** TO DO **
Would you please repeat exactly the entries below, starting at the line with "These are the" and ending at the line with "Without further ado, let's get", and nothing outside that range? Leave out the pictures.

---- RECORDS SHOWN

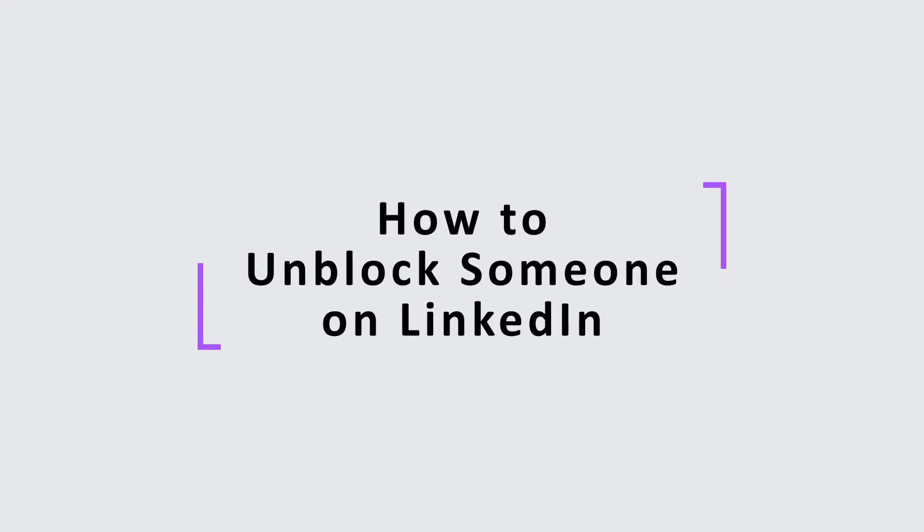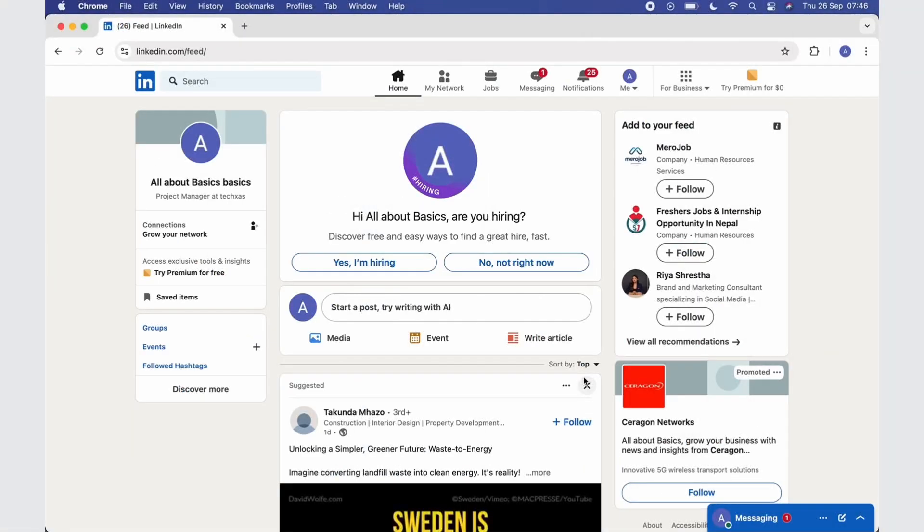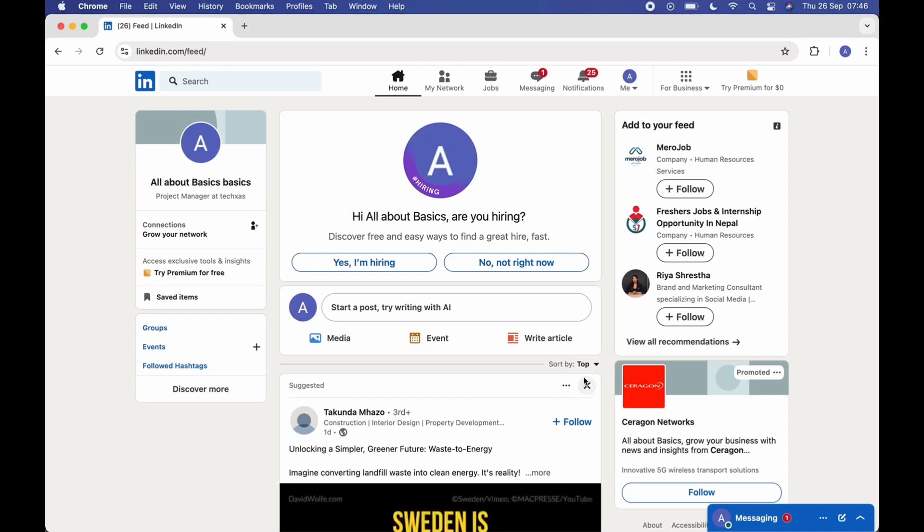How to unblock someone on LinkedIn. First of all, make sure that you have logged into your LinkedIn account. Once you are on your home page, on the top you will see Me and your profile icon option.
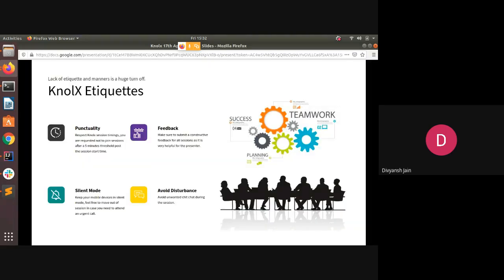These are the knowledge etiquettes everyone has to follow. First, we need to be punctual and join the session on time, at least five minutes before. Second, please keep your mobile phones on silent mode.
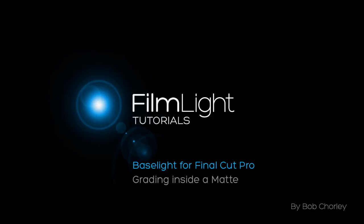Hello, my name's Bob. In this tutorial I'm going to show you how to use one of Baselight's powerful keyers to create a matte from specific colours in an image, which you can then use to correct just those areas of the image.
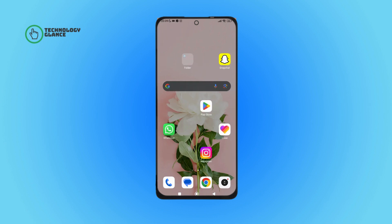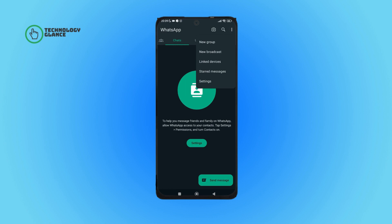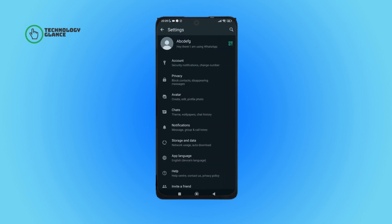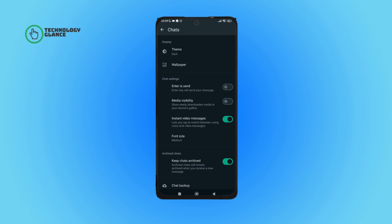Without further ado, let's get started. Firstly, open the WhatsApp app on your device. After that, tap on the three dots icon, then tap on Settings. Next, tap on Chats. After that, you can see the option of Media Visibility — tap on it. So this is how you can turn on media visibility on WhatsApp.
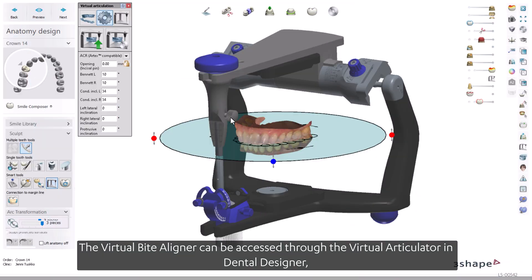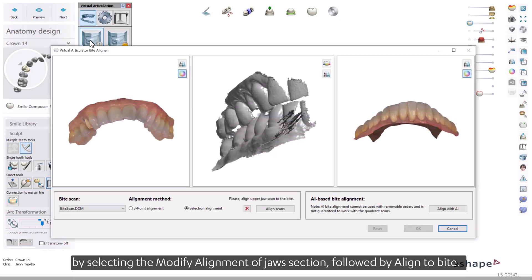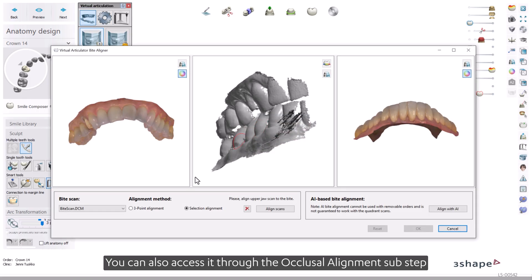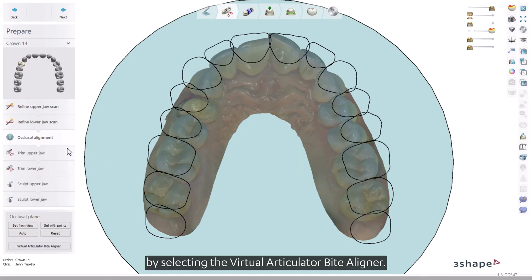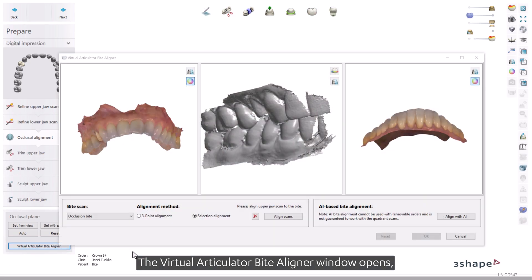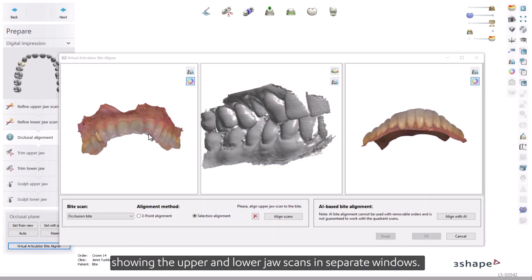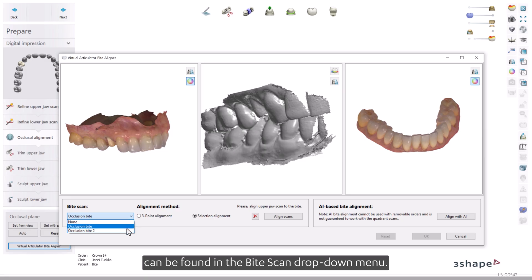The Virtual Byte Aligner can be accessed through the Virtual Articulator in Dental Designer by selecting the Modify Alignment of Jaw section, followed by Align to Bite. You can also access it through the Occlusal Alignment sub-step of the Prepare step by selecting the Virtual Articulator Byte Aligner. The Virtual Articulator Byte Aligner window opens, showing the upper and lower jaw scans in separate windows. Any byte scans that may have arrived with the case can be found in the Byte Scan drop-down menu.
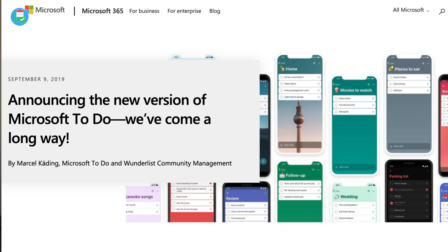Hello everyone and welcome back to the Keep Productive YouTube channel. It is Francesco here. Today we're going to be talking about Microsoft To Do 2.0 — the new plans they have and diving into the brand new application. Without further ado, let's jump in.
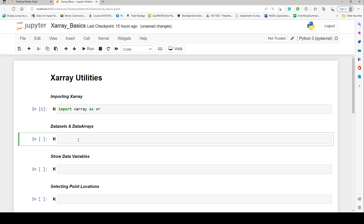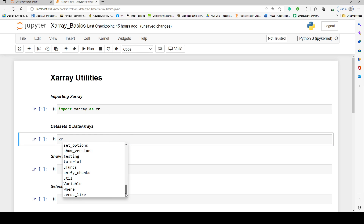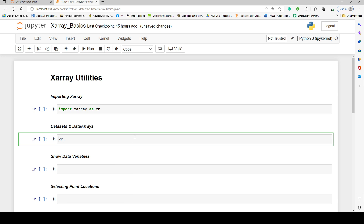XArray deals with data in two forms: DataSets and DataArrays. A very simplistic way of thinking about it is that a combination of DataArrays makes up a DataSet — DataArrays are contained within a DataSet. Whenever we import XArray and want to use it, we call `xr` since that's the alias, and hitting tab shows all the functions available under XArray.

--------

** RESPONSE TO THIS EXERCISE **
These are the knowledge etiquettes everyone has to follow. First, we need to be punctual and join the session on time, at least five minutes before. Second, please keep your mobile phones on silent mode.
Hello, my name's Bob. In this tutorial I'm going to show you how to use one of Baselight's powerful keyers to create a matte from specific colours in an image, which you can then use to correct just those areas of the image.
Without further ado, let's get started. Firstly, open the WhatsApp app on your device. After that, tap on the three dots icon, then tap on Settings. Next, tap on Chats. After that, you can see the option of Media Visibility — tap on it. So this is how you can turn on media visibility on WhatsApp.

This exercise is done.